Summary
A simple implementation of an INI file reader using the boost::spirit
framework.
Introduction
This article details the usage of the spirit framework being used as the parser for a simple library that reads and writes INI files. It is not intended as a crash course in parsing or using the spirit
library, but it can be used as an example for such purposes.
Background
Applications usually require some means of storing/retrieving configuration data; on UNIX system it is customary to use configuration files, on Microsoft Windows, the registry is most commonly used. However, sometimes this can be inconvenient as registry cannot be treated as a file, so backup, sharing, source control systems can have problems dealing with it. Using a configuration file can solve those problems, but there is no painless way of doing that - while writing the settings can be done easily, reading them back might become a problem if the file will be user edited.
The problem with reading usually lies in white spaces, comments and optional items in the file structure that can make the parsing code obscure and difficult to maintain. Therefore, the need of a specialized parser is quite obvious when one takes into account ease of maintenance.

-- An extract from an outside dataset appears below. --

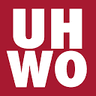 University of Hawaiʻi–West Oʻahu logo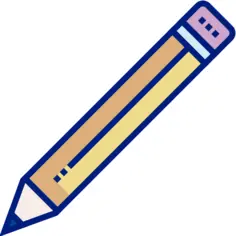 Pencil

Probably most known parser generators are flex and yacc, however there are some others available. For this purpose we will use the spirit
framework, part of the boost
library. The boost::spirit
framework differentiates from other parser generators by couple of features. First, it is a fully object oriented lexer and parser. It is implemented as a C++ template library, using overloaded operators to describe the grammar in a BNF like language. As the grammar is described in actual C++ code, and the parser is generated through template instantiation, there is no pre-compile step in your application to generate C code from the grammar definition, nor is any executable required for that purpose. Second, it parses LL grammars (vs. LALR(1) for lex/yacc). Third, it provides some useful predefined parsers, and as well some predefined semantic actions (called actors in spirit).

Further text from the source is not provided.